Even my flight delay was a breathe of fresh air. I got to rest for free in LA and sleep in a bed in a hotel, a welcome addition to my travel plans considering my impending 14 hour flight from LAX to Kingsford Smith. I finished 2 books and started a third (reading, not writing).  I people-watched. I ate two meals consisting of pasta with a glass of wine each because I wanted to use up my travel money. I bought trashy mags and caught up on my celebrity gossip (is it just me or has Kim Kardashian been pregnant for like, FOREVER? Also, what happened to that moon-faced kid from Nickelodeon’s The Amanda Show?). I slept and napped. I got up to stretch. I read a little more. Then I napped again.

And now I’m home, and it’s not only the places I visited that I will remember fondly. It’s the fact that this time around, I did NOTHING but be away from home.

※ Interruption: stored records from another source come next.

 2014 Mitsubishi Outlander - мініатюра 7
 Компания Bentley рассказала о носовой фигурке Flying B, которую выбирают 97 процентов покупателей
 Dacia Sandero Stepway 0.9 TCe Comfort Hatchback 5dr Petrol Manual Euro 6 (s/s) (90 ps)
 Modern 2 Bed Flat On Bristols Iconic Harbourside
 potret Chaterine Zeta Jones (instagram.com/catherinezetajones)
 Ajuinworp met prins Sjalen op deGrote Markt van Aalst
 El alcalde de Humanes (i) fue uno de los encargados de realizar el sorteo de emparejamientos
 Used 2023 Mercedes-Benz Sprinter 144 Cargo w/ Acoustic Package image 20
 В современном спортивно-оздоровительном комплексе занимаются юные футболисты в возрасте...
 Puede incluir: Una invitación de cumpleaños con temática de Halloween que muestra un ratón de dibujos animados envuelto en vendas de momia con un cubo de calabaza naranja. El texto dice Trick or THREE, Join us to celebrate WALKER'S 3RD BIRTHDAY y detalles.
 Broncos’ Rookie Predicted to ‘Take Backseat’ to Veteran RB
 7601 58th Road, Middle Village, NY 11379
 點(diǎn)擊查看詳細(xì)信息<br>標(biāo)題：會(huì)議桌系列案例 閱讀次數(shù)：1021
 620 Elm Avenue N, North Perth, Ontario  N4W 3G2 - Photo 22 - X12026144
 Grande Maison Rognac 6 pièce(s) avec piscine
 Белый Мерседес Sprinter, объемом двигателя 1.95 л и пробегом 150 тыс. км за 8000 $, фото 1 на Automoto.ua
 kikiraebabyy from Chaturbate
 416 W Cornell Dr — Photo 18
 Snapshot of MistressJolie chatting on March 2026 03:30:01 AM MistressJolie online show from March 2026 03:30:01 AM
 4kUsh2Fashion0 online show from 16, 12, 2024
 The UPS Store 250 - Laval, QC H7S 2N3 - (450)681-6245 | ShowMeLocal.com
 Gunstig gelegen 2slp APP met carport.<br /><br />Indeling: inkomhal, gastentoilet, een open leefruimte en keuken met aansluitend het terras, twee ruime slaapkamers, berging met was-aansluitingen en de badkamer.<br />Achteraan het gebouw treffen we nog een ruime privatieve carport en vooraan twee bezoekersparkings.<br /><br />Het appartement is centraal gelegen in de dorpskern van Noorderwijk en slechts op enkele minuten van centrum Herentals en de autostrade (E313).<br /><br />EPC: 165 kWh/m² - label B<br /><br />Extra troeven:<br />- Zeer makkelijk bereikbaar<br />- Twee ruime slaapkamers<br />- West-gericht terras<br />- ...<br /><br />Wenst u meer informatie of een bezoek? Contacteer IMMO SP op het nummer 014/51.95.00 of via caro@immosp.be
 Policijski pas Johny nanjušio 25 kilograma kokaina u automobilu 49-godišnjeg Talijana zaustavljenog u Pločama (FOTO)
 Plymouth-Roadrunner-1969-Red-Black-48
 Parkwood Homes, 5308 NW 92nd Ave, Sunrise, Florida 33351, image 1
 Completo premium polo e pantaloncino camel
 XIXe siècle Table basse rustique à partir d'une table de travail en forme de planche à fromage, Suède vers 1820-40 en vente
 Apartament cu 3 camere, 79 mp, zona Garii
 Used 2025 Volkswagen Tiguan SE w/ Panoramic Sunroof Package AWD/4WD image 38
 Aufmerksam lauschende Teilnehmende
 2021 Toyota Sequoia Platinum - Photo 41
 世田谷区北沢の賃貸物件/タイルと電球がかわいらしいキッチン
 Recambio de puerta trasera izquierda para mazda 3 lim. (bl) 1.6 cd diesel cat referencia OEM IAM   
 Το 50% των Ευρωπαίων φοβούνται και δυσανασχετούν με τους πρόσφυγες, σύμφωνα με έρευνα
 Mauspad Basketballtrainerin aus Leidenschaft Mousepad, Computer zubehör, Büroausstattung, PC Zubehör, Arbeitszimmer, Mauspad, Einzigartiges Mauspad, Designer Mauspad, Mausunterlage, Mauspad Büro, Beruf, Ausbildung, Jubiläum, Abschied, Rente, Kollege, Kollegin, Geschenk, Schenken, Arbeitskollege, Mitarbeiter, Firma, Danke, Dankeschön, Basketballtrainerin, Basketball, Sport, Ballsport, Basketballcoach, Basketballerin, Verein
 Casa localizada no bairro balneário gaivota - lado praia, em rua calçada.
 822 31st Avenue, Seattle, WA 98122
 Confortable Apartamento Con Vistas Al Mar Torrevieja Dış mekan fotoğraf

I know there will be a shit-storm of work awaiting me tomorrow, a flat to clean, luggage to unpack, groceries to buy, laundry to attend to and quite possibly apples I forgot to eat that are probably dying in my fruit bowl (gross), but I’ve come back with the lesson that I can be as busy as I want to be, but I need to take some time to breathe.

It’s good to be home ❤

Dee Why Beach, NSW

Dee Why Beach, NSW

Erica’s Gratitude Diarrhoea

Stay foolish, stay productive, stay focussed, stay hungry, stay home, go hard or go home, go long, keep it short, keep it simple stupid. I’m sick of hearing what I need to do to get from down here to UP HERE so I’m gonna take a minute or 30 of them and focus on what I do have, what I’ve just had. And I WILL stay foolish, thanks Steve Jobs!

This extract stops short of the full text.